Diesmal aber gelten sogar noch verschärftere Bedingungen. Ihre Stimme muss besonders geschmeidig und gut geölt sein, denn als Ottilie wird sie neben spielen und tanzen auch viel singen. Meist im Duett mit Florian Jahr, darunter "Die ganze Welt ist himmelblau". Und auch im Chor, was sie schwieriger findet, weil es noch mehr Kraft erfordert.

Anna Kubin macht das mit dem Singen nicht zum ersten Mal. Auch bei "Pariser Leben" im Schauspielhaus war sie dabei, und als Polly in der "Dreigroschenoper" hat sie gleich drei Bühnen erobert. Bei den Festspielen in Bad Hersfeld bekam sie dafür den Publikumspreis als beste Darstellerin. Dennoch sei eine klassische Operette wie das "Weiße Rössl", dazu noch das meistgespielte Musikstück der Welt, eine anspruchsvolle Herausforderung.

"So richtig zuhause fühle ich mich in diesem Genre noch nicht", gibt sie zu. "Der Wechsel vom Spielen zum Singen ist kompliziert. Einen Hänger im Text kann man sich hier nicht leisten, auch Improvisieren hilft einem nicht. Die Musik spielt einfach weiter. Und zu all dem muss ich auch noch die Choreografie im Kopf haben und punktgenau umsetzen." Aber Spaß macht es ihr, genau wie ihren gestandenen Kollegen. Moritz Führmann gibt vergnügt den "schönen Sigismund", Imogen Kogge die resolute Wirtin Josepha Vogelhuber. "Sie schmeißt den Laden und hat alles im Griff", sagt Anna Kubin. "Ansonsten kommen die Frauen in diesem Stück nicht so toll weg. Eine lispelt, und meine Ottilie ist auch ein bisschen fad, wenn man den Text zum ersten Mal liest."

Deshalb habe sie ihre Rolle schon bei Probenbeginn mit Regisseur Christian Weise besprochen. "Wir fragten uns, was wir aus ihr machen, damit sie vielschichtiger wird", erzählt Anna Kubin. "Ottilie ist als Töchterchen angelegt, aber ich bin eher eine Tochter. Das passt besser zu Hendrik Arnst, der als Fabrikant Giesecke meinen Vater spielt. Ein naives Mädchen wäre bei ihm fehl am Platz." Auch Diana Amft, die Ottilie im gerade angelaufenen Kinofilm""Das Weiße Rössl", sei wohl kaum naiv, sagt sie. "Dass der Stoff fast gleichzeitig ins Kino und ins Theater kommt, ist gar nicht übel", überlegt sie und scherzt: "Vielleicht verlaufen sich ja einige Besucher zu uns, die eigentlich in den Film wollten."

Das Publikum dürfe sich auf eine opulente Ausstattung und eine mitreißende Inszenierung freuen, verspricht Kubin. "Die Operette ist pointiert und witzig geschrieben.

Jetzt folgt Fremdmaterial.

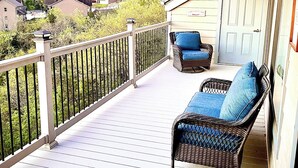 Eine überdachte Veranda mit weißer Reling, ein Korbsessel mit blauen Kissen und im Hintergrund eine Ansicht von Häusern und Bäumen.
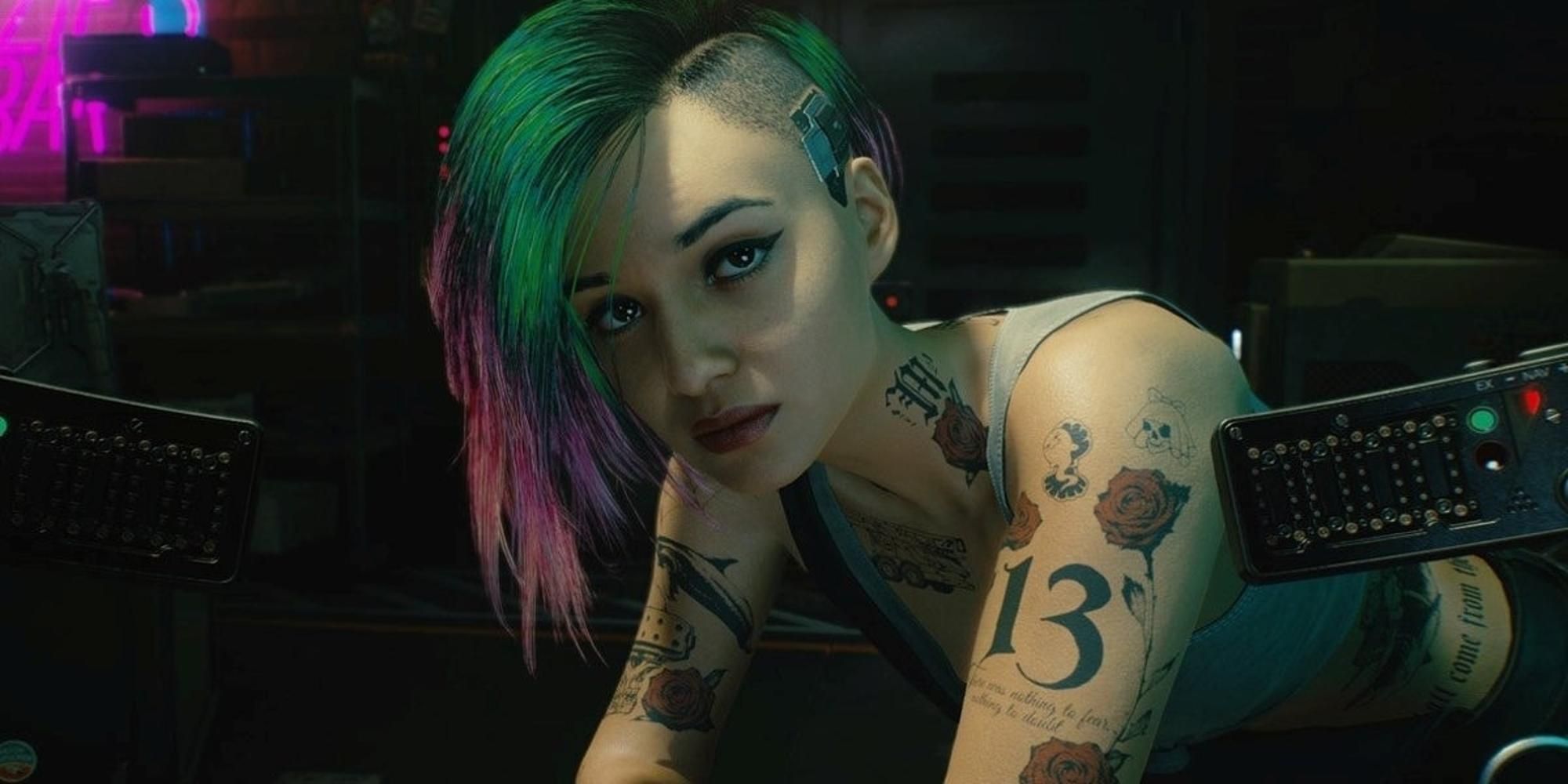 A close up shot of Judy in Cyberpunk 2077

Den Witz untergraben wir nicht. Aber eine Klamotte machen wir auch nicht daraus." Begeistert ist die Schauspielerin von der Idee, die Bühne zunächst mit einem roten Vorhang zu verhüllen. "Er wird sich erst mit der Musik öffnen. Ich liebe es, wenn alles eine Weile im Verborgenen bleibt. Und so schön wie am Anfang geht es dann hoffentlich weiter."